HESI LPN
HESI Practice Test for Fundamentals
1. The patient is immobilized after undergoing hip replacement surgery. Which finding will alert the nurse to monitor for hemorrhage in this patient?
- A. Thick, tenacious pulmonary secretions
- B. Low-molecular-weight heparin doses
- C. SCDs wrapped around the legs
- D. Elastic stockings (TED hose)
Correct answer: B
Rationale: The correct answer is B, which is low-molecular-weight heparin doses. After hip replacement surgery, patients are at risk of developing deep vein thrombosis (DVT) due to immobility. Heparin and low-molecular-weight heparin are commonly used for prophylaxis against DVT. Monitoring for hemorrhage is crucial when administering anticoagulants. Choices A, C, and D are not directly related to monitoring for hemorrhage in this scenario. Thick, tenacious pulmonary secretions (Choice A) may indicate respiratory issues, SCDs (Choice C) help prevent DVT but do not directly relate to hemorrhage monitoring, and elastic stockings (TED hose) (Choice D) are used for DVT prophylaxis but do not alert to hemorrhage.
2. A nurse is counseling a middle adult client who describes having difficulty dealing with several issues. Which of the following client statements should the nurse identify as the priority to assess further?
- A. “I am struggling to accept that my parents are aging and need so much help.”
- B. “It’s been so stressful for me to think about having intimate relationships.”
- C. “I know I should volunteer my time for a good cause, but maybe I’m just selfish.”
- D. “I love my grandchildren, but my child expects me to relive my parenting days.”
Correct answer: A
Rationale: The correct answer is A. The statement about struggling with aging parents indicates a significant stressor that could impact overall well-being and warrants further assessment. This statement reveals a potential source of emotional distress and adjustment difficulties for the client, as aging parents needing help can be a complex issue involving feelings of loss, role reversal, and increased responsibilities. Choices B, C, and D, although important, do not signify as immediate a need for further assessment compared to the challenges related to aging parents. Choice B focuses on intimate relationships, which is a common concern but may not be as urgent as dealing with aging parents. Choice C reflects feelings of selfishness but does not indicate an immediate need for further assessment. Choice D involves expectations from the client's child but does not highlight a critical issue that could impact the client's well-being as directly as struggling with aging parents.

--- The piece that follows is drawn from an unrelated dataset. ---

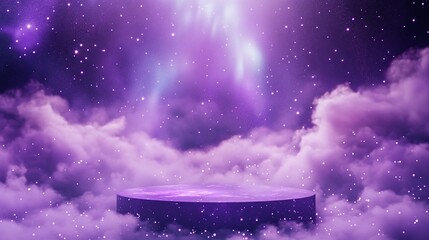 Wall Mural - purple cosmic platform on clouds with light beams.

3. Twenty minutes after starting a heat application, the client mentions that the heating pad no longer feels warm enough. What is the best response by the LPN/LVN?
- A. That indicates you have derived the maximum benefit, and the heat can be removed.

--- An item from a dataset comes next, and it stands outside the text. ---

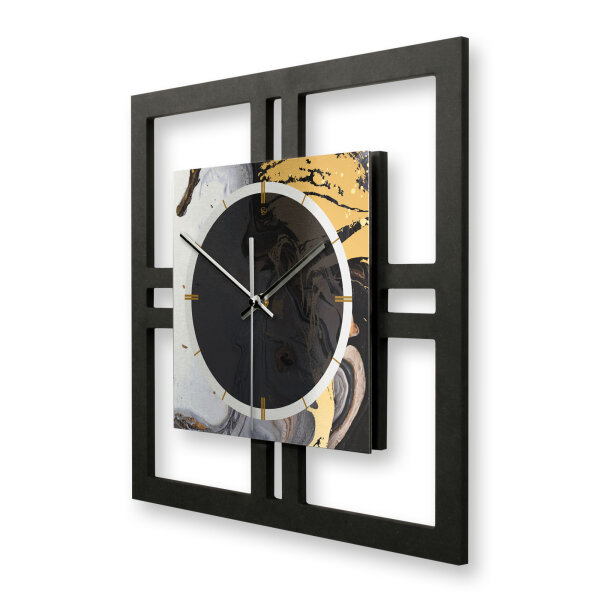Designer-Wanduhr "Gold & Black Ink" in modernem Metallic-Look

- B. Your blood vessels are dilating and removing the heat from the site.
- C. We will increase the temperature by 5 degrees when the pad no longer feels warm.
- D. The body's receptors adapt over time as they are exposed to heat.
Correct answer: D
Rationale: Choice D is the correct response. The body's receptors adapt to the heat over time, which can explain why the client no longer perceives the warmth from the heating pad. This phenomenon is known as thermal adaptation. Choices A, B, and C are incorrect. Choice A is inaccurate because the client not feeling the warmth does not necessarily mean they have derived the maximum benefit. Choice B incorrectly states that blood vessels dilating remove heat, which is not accurate. Choice C suggests increasing the temperature when the pad no longer feels warm, which could potentially lead to burns or discomfort for the client.

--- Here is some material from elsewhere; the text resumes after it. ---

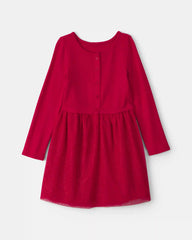 Girls Tulle Long-Sleeve Dress - Red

4. Which nutritional assessment data should be collected to best reflect total muscle mass in an adolescent?
- A. Height in inches or centimeters.
- B. Weight in kilograms or pounds.
- C. Triceps skinfold thickness.
- D. Upper arm circumference.
Correct answer: D
Rationale: The correct answer is 'Upper arm circumference.' Upper arm circumference is a better indicator of total muscle mass in adolescents compared to height, weight, or triceps skinfold thickness. Triceps skinfold thickness primarily reflects subcutaneous fat, while weight and height are not specific to muscle mass. Upper arm circumference directly measures the muscle mass in the upper arm and can provide a more accurate assessment in this context. Therefore, choices A, B, and C are incorrect because they do not directly reflect total muscle mass in adolescents.
5. A client newly diagnosed with type 1 diabetes mellitus is resistant to learning self-injection of insulin and asks the nurse to administer all the injections. The nurse explains the importance of learning self-care and appropriately adds which of the following statement?
- A. Insulin injections are not difficult to learn.
- B. Tell me what I can do to help you overcome your fear of giving yourself injections.
- C. It’s important to learn self-care for future independence.
- D. You need to learn this for your health.
Correct answer: B
Rationale: Choice B is the correct answer because it addresses the client's fear and offers support to help them overcome the resistance to self-care. By expressing willingness to assist and asking for ways to help the client, the nurse encourages open communication and collaboration in finding solutions to the client's concerns. Choices A, C, and D, while valid statements, do not directly address the client's fear or resistance, which is crucial in promoting self-care adherence in this situation.